Input data:
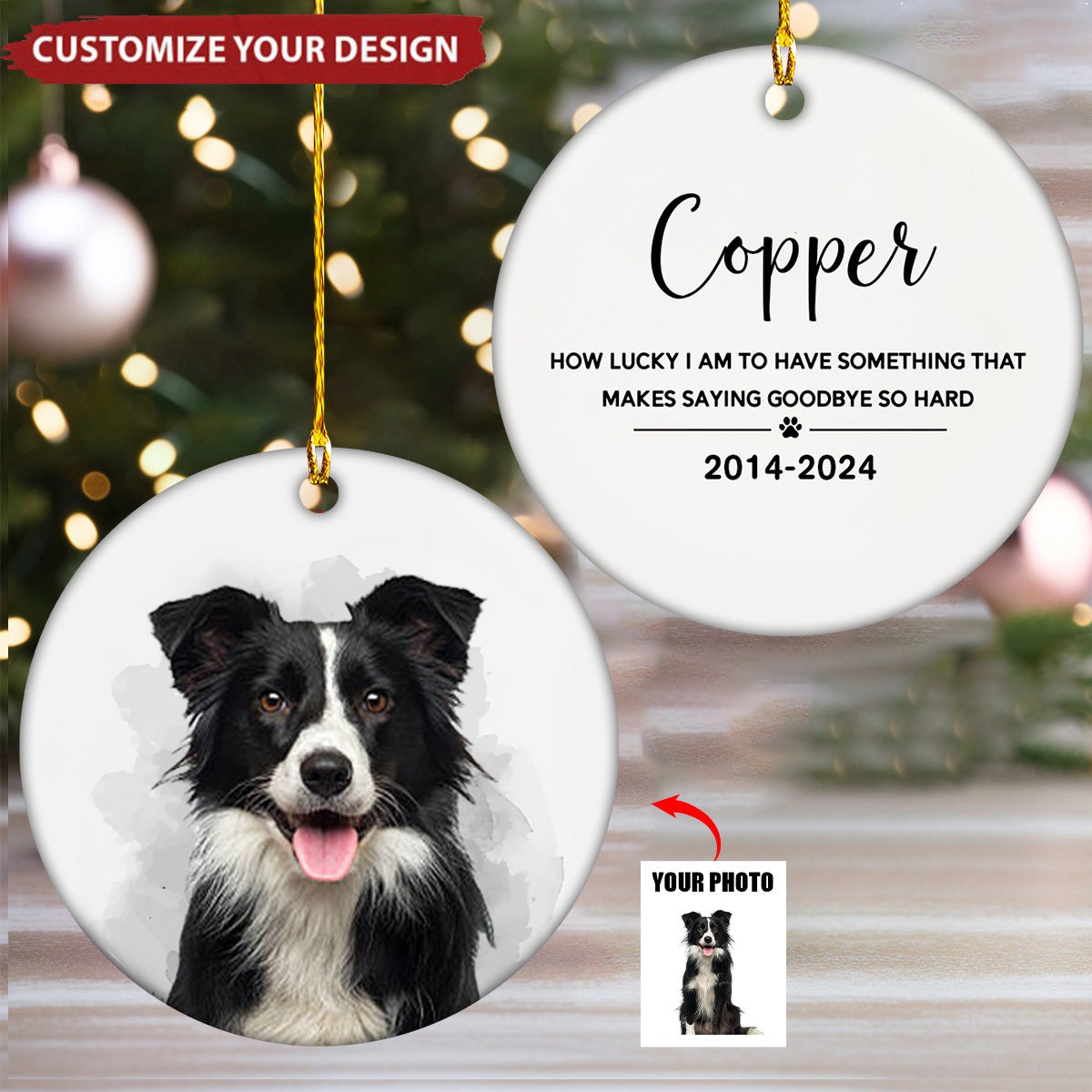 Pet Loss Custom Photo - Personalized Ceramic Photo Ornament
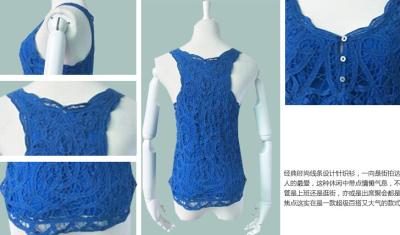 Chine Tricoté, fait du crochet, le gland, femmes florales, font du crochet la chemise sans manche de tunique de dessus de réservoir de gilet à vendre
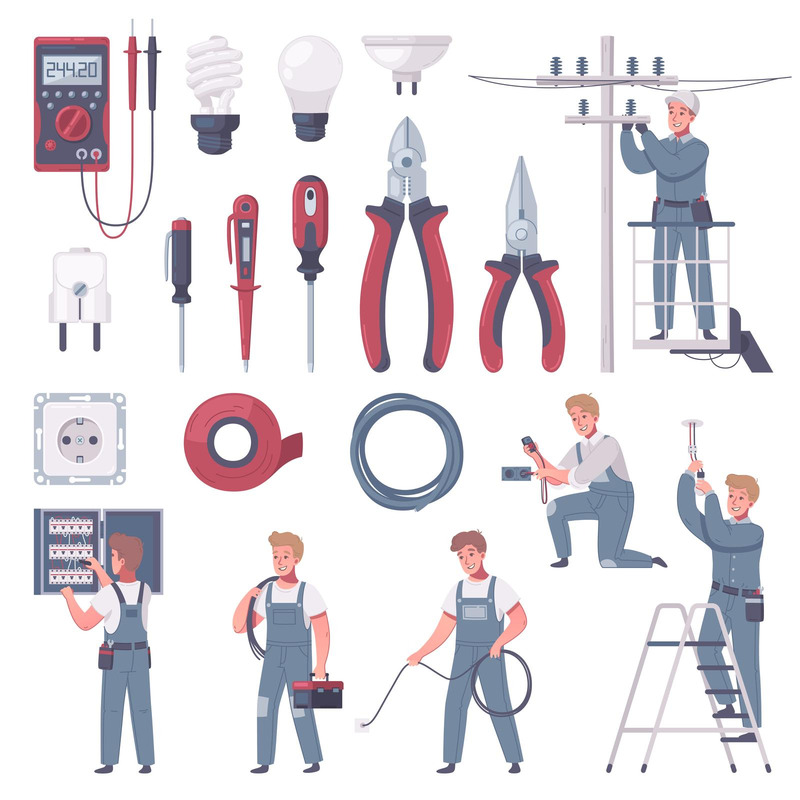 Electrician Cartoon Set Vector Illustration Concept - Features Image 1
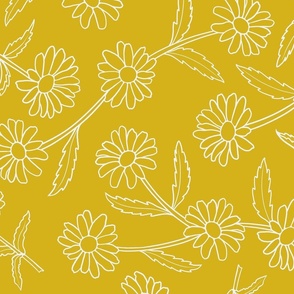 White Daisy Lg Outline Flowers, Stems and Leaves Trailing Line Floral Pattern, Yellow Gold Background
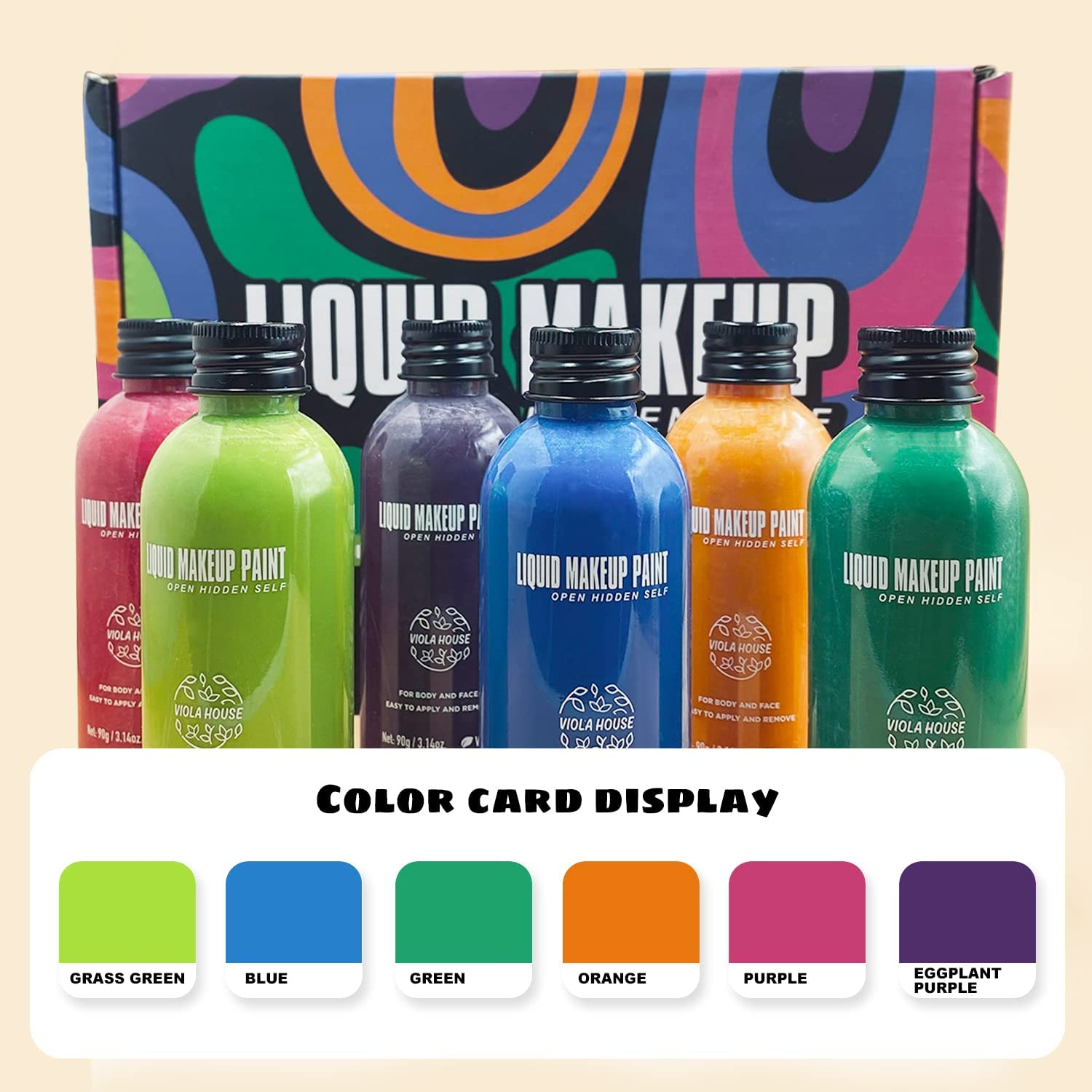 VIOLA HOUSE 6Pcs Face & Body Paints Set with 2Pcs Body Painting Brushes, Liquid Body Paints Kit Party Theater Makeup Professional Body Paint Christmas Thanksgiving Birthday Gift - Body Paints Set image number 5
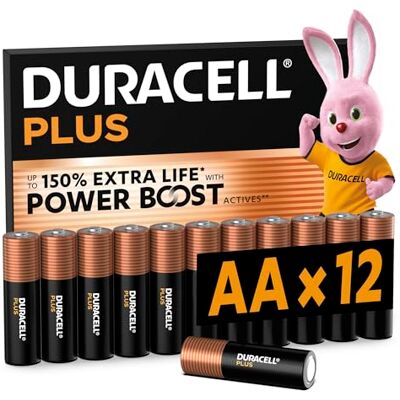 Duracell Plus AA Alkaliska Batterier, 12 Pack, 1.5V, LR06 Upp till 150 % extra batteritid med Power Boost-formula – tillförlitliga för alla enheter – plastfri förpackning Duracell Plus AA Alkaliska Batterier, 12 Pack, 1.5V, LR06 Upp till 150 % extra batteritid med Power Boost-formula – tillförlitliga för alla enheter – plastfri förpackning
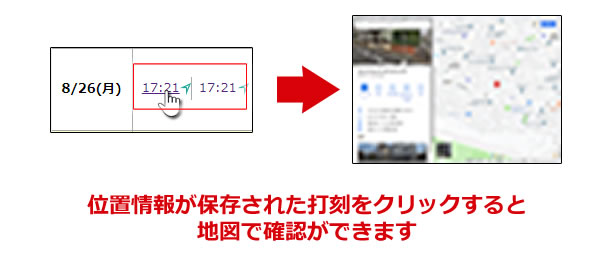 時刻orアイコンがリンクになっている画像と、ポップアップによるMAP表示
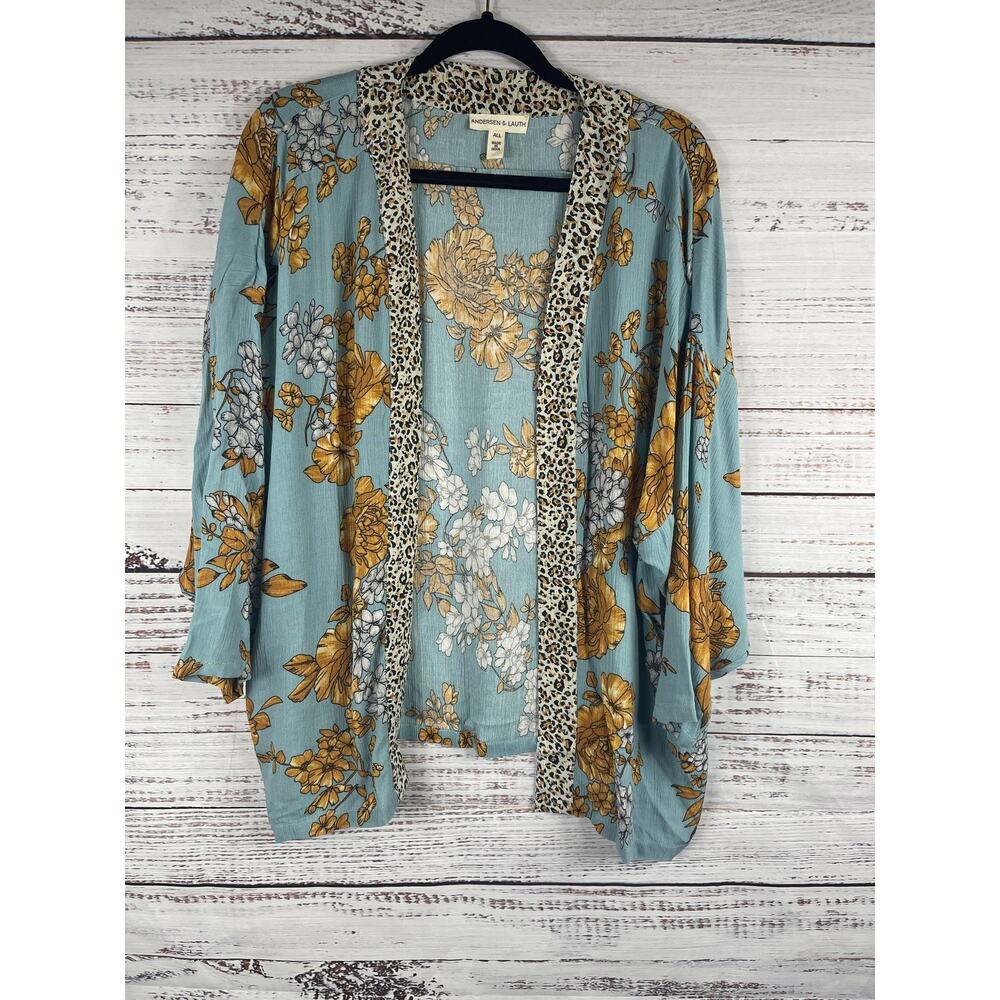 Andersen & Lauth Kimono Womens One Size Floral Open Cardigan Boho Chic Lightweig - Picture 2 of 8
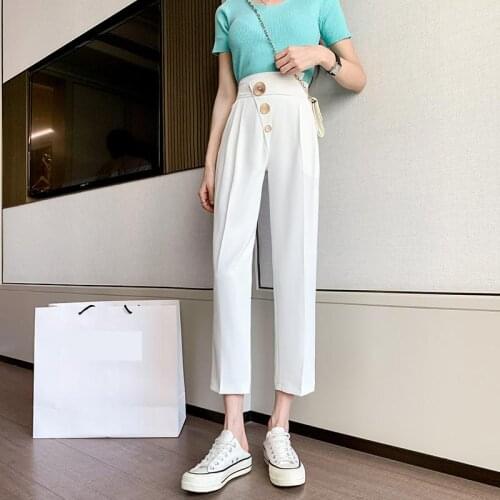 2021 New Irregular High Waist Casual Pants Button Straight Pant Suits For Women Slim Plus Size Trousers Work Wear Clothes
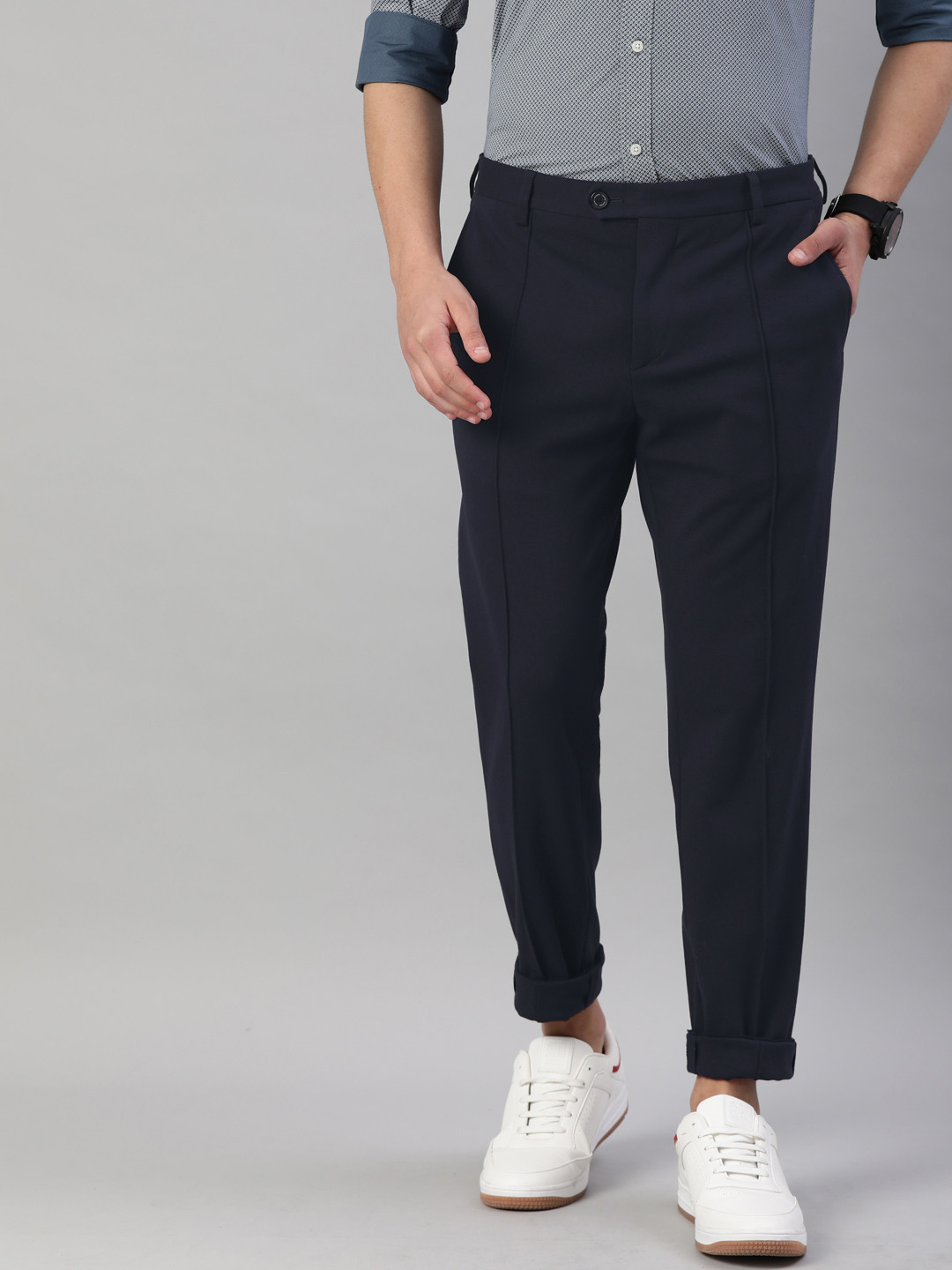 Tommy Hilfiger Men Navy Slim Fit Jersey Flex Knitted Solid Trousers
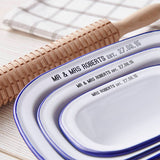 Personalised Enamel Pie Dish Wedding Gift Set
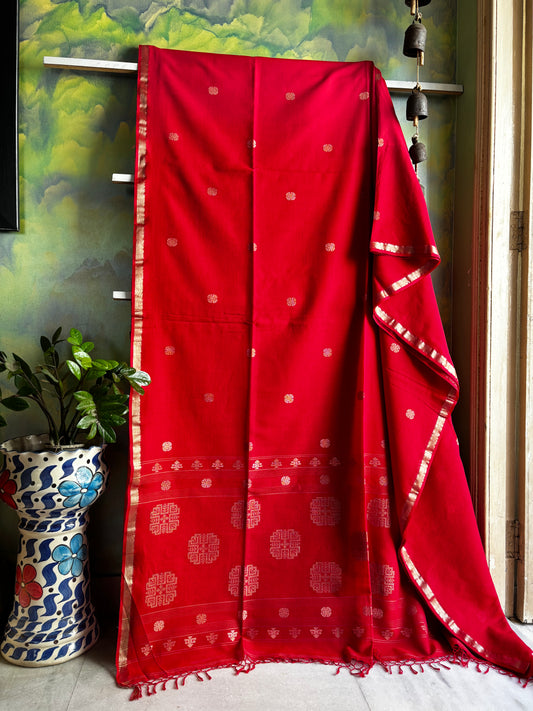 Handwoven Red Beige Cotton Jamdani Saree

What to do: Could you retype exactly, and only, the lines running from the one with "VIOLA HOUSE 6Pcs" to the last line of the listing, while leaving any pictures out?

Task answer:
 VIOLA HOUSE 6Pcs Face & Body Paints Set with 2Pcs Body Painting Brushes, Liquid Body Paints Kit Party Theater Makeup Professional Body Paint Christmas Thanksgiving Birthday Gift - Body Paints Set image number 5
 Duracell Plus AA Alkaliska Batterier, 12 Pack, 1.5V, LR06 Upp till 150 % extra batteritid med Power Boost-formula – tillförlitliga för alla enheter – plastfri förpackning Duracell Plus AA Alkaliska Batterier, 12 Pack, 1.5V, LR06 Upp till 150 % extra batteritid med Power Boost-formula – tillförlitliga för alla enheter – plastfri förpackning
 時刻orアイコンがリンクになっている画像と、ポップアップによるMAP表示
 Andersen & Lauth Kimono Womens One Size Floral Open Cardigan Boho Chic Lightweig - Picture 2 of 8
 2021 New Irregular High Waist Casual Pants Button Straight Pant Suits For Women Slim Plus Size Trousers Work Wear Clothes
 Tommy Hilfiger Men Navy Slim Fit Jersey Flex Knitted Solid Trousers
 Personalised Enamel Pie Dish Wedding Gift Set
 Handwoven Red Beige Cotton Jamdani Saree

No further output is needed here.